Um utente com 79 anos do Centro Hospitalar de Entre o Doutro e Vouga viu a sua cirurgia adiada no dia 6 de fevereiro. Naquele dia deveria ter sido alvo de “uma intervenção para excisões ou destruições transuretrais de lesão ou tecido da bexiga em contexto oncológico”, uma intervenção que deveria ter sido realizada uma vez que estava prevista no serviço mínimo “por se tratar de ato cirúrgico em que o tempo máximo de resposta garantido se encontra ultrapassado”.
No dia 5 de fevereiro, um outro utente, de 23 anos, deveria ter sido alvo de uma intervenção no Centro Hospital de Tondela-Viseu para “redução aberta de fratura do rádio e cúbito com fixação interna”, por se tratar de um “ato cirúrgico cujo tempo máximo de resposta garantido (15 dias) se encontrava em risco de incumprimento.
No total, são apresentados 51 casos concretos.
O Centro Universitário Hospitalar de São João, no Porto, é o que apresenta mais casos, com cerca de 240 operações adiadas por falta de enfermeiros, entre 31 de janeiro, dia do início da paralisação, e 7 de fevereiro, data do Conselho de Ministros que decretou os serviços mínimos.
Segue-se o Centro Hospitalar e Universitário do Porto, onde foram adiados mais de 160 atos cirúrgicos, “todos por indisponibilidade de enfermeiros”.
No Centro Hospitalar de Entre o Douro e Vouga, foram contabilizadas 38 cirurgias adiadas e no Centro Hospitalar de Tondela-Viseu é dito apenas que a greve dos enfermeiros foi “causa direta do adiamento de mais de uma dezena de cirurgias” que deveriam ter sido feitas ao abrigo dos serviços mínimos.
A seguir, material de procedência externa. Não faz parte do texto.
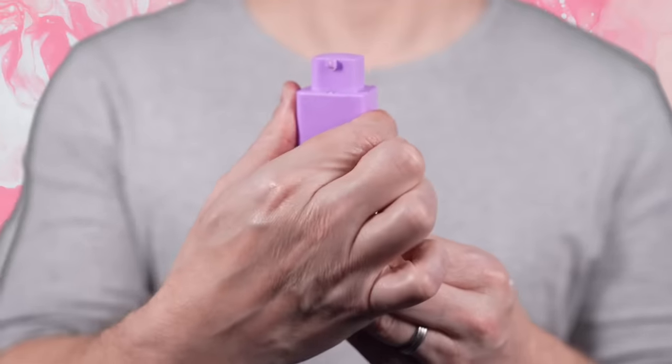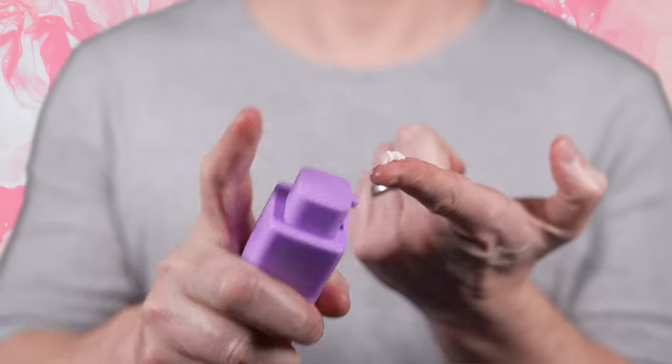Hey everyone, today is a really quick little tip or trick to get the maximum benefit from your eye creams. Let's just jump straight into it because nobody likes a long intro. What you want to do is get your favorite eye cream — no matter which one it is, it doesn't matter — and once you've got it, apply that to the under-eye area however you apply it.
O Conselho de Ministros decretou a 7 de fevereiro uma requisição civil na greve dos enfermeiros em curso desde 31 de janeiro nos blocos operatórios de quatro centros hospitalares, alegando incumprimento dos serviços mínimos.
A “greve cirúrgica” foi convocada pela Associação Sindical Portuguesa dos Enfermeiros (ASPE) e pelo Sindicato Democráticos dos Enfermeiros (Sindepor) em dez centros hospitalares, até 28 de fevereiro, depois de uma paralisação idêntica de 45 dias no final de 2018.
As duas greves foram convocadas após um movimento de enfermeiros ter lançado recolhas de fundos numa plataforma ‘online’ para financiar as paralisações, conseguindo um total de 740 mil euros. Os principais pontos de discórdia são o descongelamento das progressões na carreira e o aumento do salário base dos enfermeiros.
A requisição civil foi contestada pelo Sindepor no Supremo Tribunal Administrativo, que se deverá pronunciar nos próximos dias.
No final da semana passada, o Conselho Consultivo da Procuradoria-Geral da República considerou que a greve é ilícita, um parecer que foi de imediato homologado pela ministra da Saúde, ordenando a marcação de faltas injustificadas aos enfermeiros em greve a partir de hoje.
A ASPE pediu a suspensão imediata da paralisação, mas o Sindepor vai mantê-la e o seu presidente iniciou uma greve de fome.